OGH vom 07.06.2017, 3Ob32/17b

Kopf

Der Oberste Gerichtshof hat durch den Senatspräsidenten Dr. Hoch als Vorsitzenden sowie die Vizepräsidentin Dr. Lovrek, die Hofräte Dr. Jensik und Dr. Roch und die Hofrätin Dr. Kodek als weitere Richter in der Exekutionssache der betreibenden Partei D*****, Italien, vertreten durch Oberhammer Rechtsanwälte GmbH in Wien, wider die verpflichtete Partei F*****gesellschaft mbH, *****, vertreten durch Dr. Daniel Charim und Mag. Jakob Charim, Rechtsanwälte in Wien, wegen (restlich) 347.093,53 EUR sA über den außerordentlichen Revisionsrekurs der verpflichteten Partei gegen den Beschluss des Landesgerichts für Zivilrechtssachen Wien als Rekursgericht vom , GZ 46 R 323/16i-61, womit der Beschluss des Bezirksgerichts Josefstadt vom , GZ 11 E 2966/11p-56, bestätigt wurde, den

Beschluss

gefasst:

Spruch

I. Der Revisionsrekurs der verpflichteten Partei wird, soweit er die Bestätigung der Exekutionsbewilligung bekämpft, als jedenfalls unzulässig zurückgewiesen.

II. Im Übrigen wird der außerordentliche Revisionsrekurs gemäß (§ 78 EO iVm) § 526 Abs 2 Satz 1 ZPO mangels der Voraussetzungen des § 528 Abs 1 ZPO zurückgewiesen.

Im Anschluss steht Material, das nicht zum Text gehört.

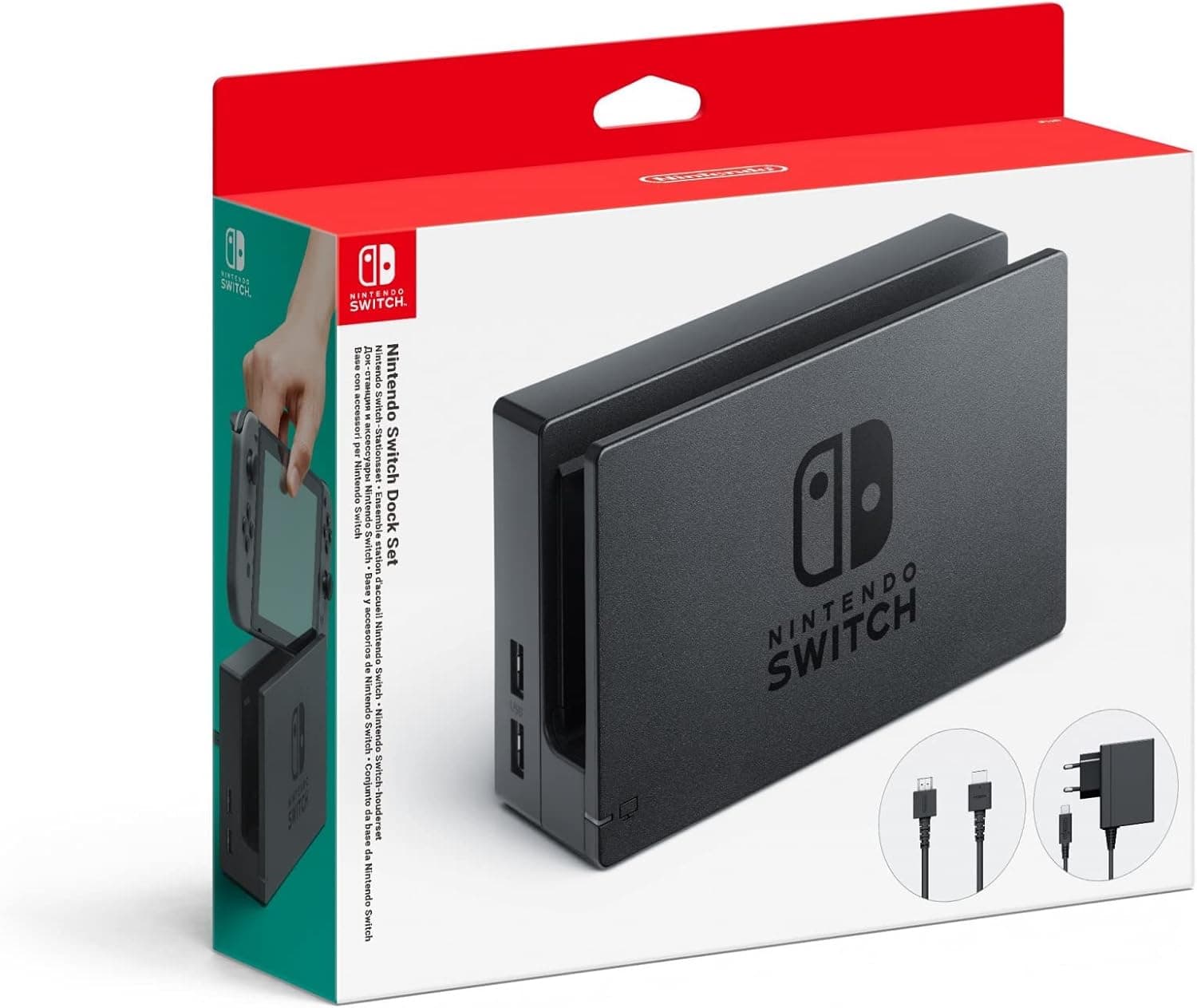 Nintendo Switch Dock Set | Base de carregamento com adaptador de corrente e cabo HDMI para consola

III. Der Antrag auf Unterbrechung des Vollstreckbarerklärungsverfahrens wird abgewiesen.

Text

Begründung:

Am erließ das Landesgericht Mailand (Tribunale Ordinario di Milano) über Antrag der Betreibenden, einer Gesellschaft mit Sitz in Italien, den elektronischen Mahnbescheid (decreto ingiunitivo telematico) zur Zahl 34300/2010, mit dem der Verpflichteten, einer GmbH mit Sitz in Wien, die in Geschäftsverbindung mit der Betreibenden stand, die Zahlung von 522.094,53 EUR sA an die Betreibende innerhalb von 50 Tagen nach Bekanntmachung des Mahnbescheids aufgetragen wurde. Dieser enthielt den Hinweis, dass die Verpflichtete Anspruch darauf habe, vor dem Landesgericht Mailand innerhalb von 50 Tagen nach der Bekanntmachung Einspruch zu erheben, widrigenfalls der Mahnbescheid für endgültig und vollstreckbar erklärt werde.

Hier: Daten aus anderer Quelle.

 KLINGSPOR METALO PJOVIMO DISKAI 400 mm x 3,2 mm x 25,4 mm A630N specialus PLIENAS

Die Postsendung mit dem Mahnbescheid war an den im österreichischen Firmenbuch seit dem Jahr 1997 eingetragenen Geschäftssitz der Verpflichteten in Wien 9 adressiert. An dieser Adresse befand sich jedoch nie der tatsächliche Firmensitz der Verpflichteten; sie übte dort auch keine Geschäftstätigkeit aus. Vielmehr handelt es sich bei dieser Anschrift um den Kanzleisitz der Verpflichtetenvertreter, die ihre ausdrückliche Zustimmung zur Angabe der Adresse als Firmensitz im Firmenbuch gaben. Eine Änderung dieser Angabe unterblieb, obwohl die Verpflichtete bereits seit vielen Jahren ihren Sitz in Wien 22 hatte.

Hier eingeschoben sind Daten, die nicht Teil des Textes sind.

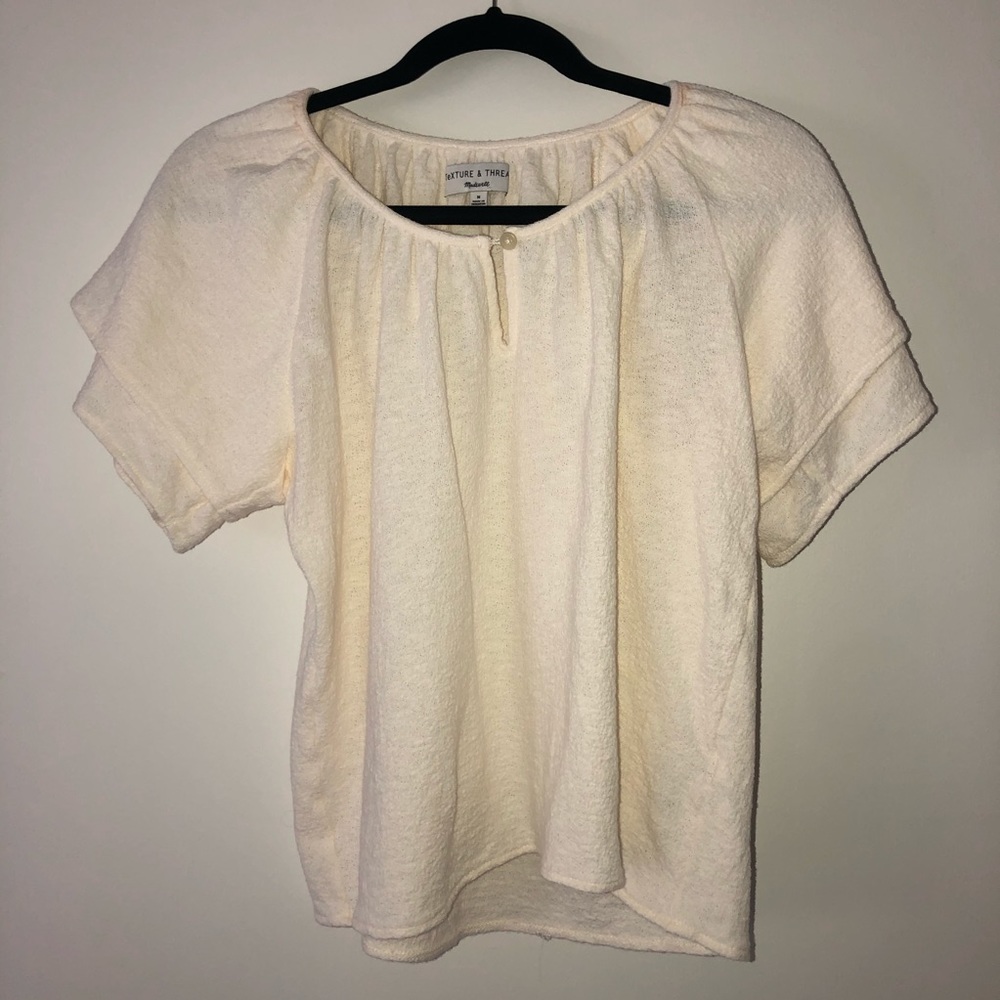 Madewell Text and Texture Top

Aufgrund der nach wie vor bestehenden Eintragung ihrer Anschrift im Firmenbuch erhalten die Verpflichtetenvertreter regelmäßig Poststücke für die Verpflichtete. Zwischen Dr. D***** und dem Geschäftsführer der Verpflichteten war vereinbart, dass die Kanzlei die Post mit Ausnahme von RSa-Sendungen übernimmt. Dr. D***** teilte diese Vorgehensweise insbesondere der für die Post zuständigen Mitarbeiterin mit und auch der Postzusteller wurde in den Kanzleiräumlichkeiten mündlich davon informiert. Mitarbeiter der Anwaltskanzlei übernahmen ein- bis zweimal pro Woche Post für die Verpflichtete und sandten sie an diese oder ein Prokurist holte sie ab. Diese Vereinbarung wurde (zumindest) bis zum Ablauf des Jahres 2010 von keiner der beiden Seiten ausdrücklich oder stillschweigend widerrufen oder abgeändert.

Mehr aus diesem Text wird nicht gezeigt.